Wall Street rebounded strongly on Monday, and in volatile trade the financials sector staged a stunning turnaround ahead of the Federal Reserve’s policy meeting on Tuesday.
The S&P 500 index rose 2.4 per cent to close at 1,467.67. The Nasdaq Composite rallied 1.4 per cent to 2,547.33 and the Dow Jones Industrial Average rose 2.2 per cent to close at 13,468.78.
As stocks rallied, equity volatility, as measured by the Chicago Board Options Exchange’s Vix index, retreated from a new high for the year. The Vix closed nearly 9 per cent lower at 22.93, but had earlier traded at a peak of 26.47, its highest reading since April 2003. The index has risen from a reading of below 10 earlier this year.
The Russell 2000 index of smaller companies pared early weakness and rose 1.5 per cent to 766.35. Earlier in the day, the benchmark fell to its lowest level since October 2006. The prospect of less deal activity and tighter credit conditions has hurt small stocks and the Russell 2000 remains 2.7 per cent lower so far this year.
Financials were lower in early trade on Monday, and then rallied strongly, led by mortgage giants Fannie Mae up 10.4 per cent at $62.50, and Freddie Mac, up 7.7 per cent at $60.
Talk that the government sponsored enterprises might be allowed to expand their mortgage balance sheets boosted their stock prices.
Analysts also said the sharp decline in the price of mortgage securities in recent weeks should entail higher profits for the GSE’s as their cost of funding has not risen sharply.
The rebound in financials was reflected in the S&P Investment Bank Index surging 5 per cent. That trimmed its decline for 2007 to 13.1 per cent. The broader S&P financials index rallied 4.7 per cent, but is still down 8.7 per cent for the year.

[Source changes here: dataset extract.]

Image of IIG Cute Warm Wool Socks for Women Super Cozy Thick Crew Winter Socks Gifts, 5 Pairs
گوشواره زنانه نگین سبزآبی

A debate over whether tightening conditions in the credit market and weak financials would harm the broad economy remained the main topic for investors.
“Many investors believe that the weakness in financials is signalling the beginning of a bear market,” said Tobias Levkovich, chief US equity strategist at Citigroup. “The capital markets-sensitive diversified financials industry group is a coincident indicator, not a lead indicator,” Mr Levkovich added.
In recent weeks, cyclical stocks have also fallen in line with the general retreat in financials. This suggests worries that the economy may suffer from tighter credit conditions are building, analysts warned.
Against that backdrop, the Federal Reserve’s Open Market Committee meets on Tuesday. The central bank is expected to leave rates unchanged.
Some economists say the Fed may acknowledge the recent turmoil in financial markets, but also maintain a tough stand on inflation.
It is a stance that lessens the chance of any near-term easing in policy, but amid the present credit market turmoil, the odds of a quarter percentage point easing at the FOMC’s meeting in October have risen to around 80 per cent.
“The consensus is for a less hawkish stance on inflation pressures with an acknowledgment of the recent turmoil in the financial markets,” said David Ader, bond strategist at RBS Greenwich Capital. “The wildcard is how the FOMC skews the balance of risks and if they highlight any downside risks to growth from the credit/mortgage situation.”
Other financial stocks sharply higher on Monday included Wells Fargo, which rose 5.9 per cent to close at $34.76, as the bank announced it would buy back an additional 50m shares. Merrill Lynch gained 6.4 per cent to $74.55 after an analyst upgrade.
Also in the spotlight was Bear Stearns, which closed up 5 per cent at $113.81. The stock recovered from a 7.9 per cent decline to $99.75 earlier on Monday. Warren Spector resigned as co-president of Bear Stearns on Sunday, after S&P placed the brokerage on negative rating watch late last week.
Other financials that reversed early declines on Monday included Lehman Brothers, which closed up 4.5 per cent at $58.27, after setting a low of $52.63. Countrywide, the largest US mortgage lender, rallied 7 per cent to $26.75.
Monday’s rebound in the S&P leaves the benchmark around 5.5 per cent below its record close of 1,553.08, set in mid-July. Traders say a fall in the region of 10 per cent has in the past helped clear speculative excesses from a bull market and sowed the seeds for a renewed rally that ultimately propels the market to new highs.
The jitters over credit and financials have overshadowed second-quarter earnings that have so far beaten estimates.“Equity markets have been unable to shake off the liquidity fears that are now prevalent and dominant,” said Mr Levkovich.
According to Thomson Financial, 409 of the S&P 500 companies have reported results so far and 66 per cent of them have exceeded estimates. The annual growth in earnings for the second quarter is 7 per cent, above a 4.1 per cent estimate at the start of July.
Among other stocks in the news on Monday, UnitedHealth was up 2.1 per cent at $48.50 after the health insurer raised its earnings forecast for 2007.
Cooper Tire & Rubber rose 5.1 per cent to $22.25, after the tyre maker swung to a second-quarter profit, beating expectations.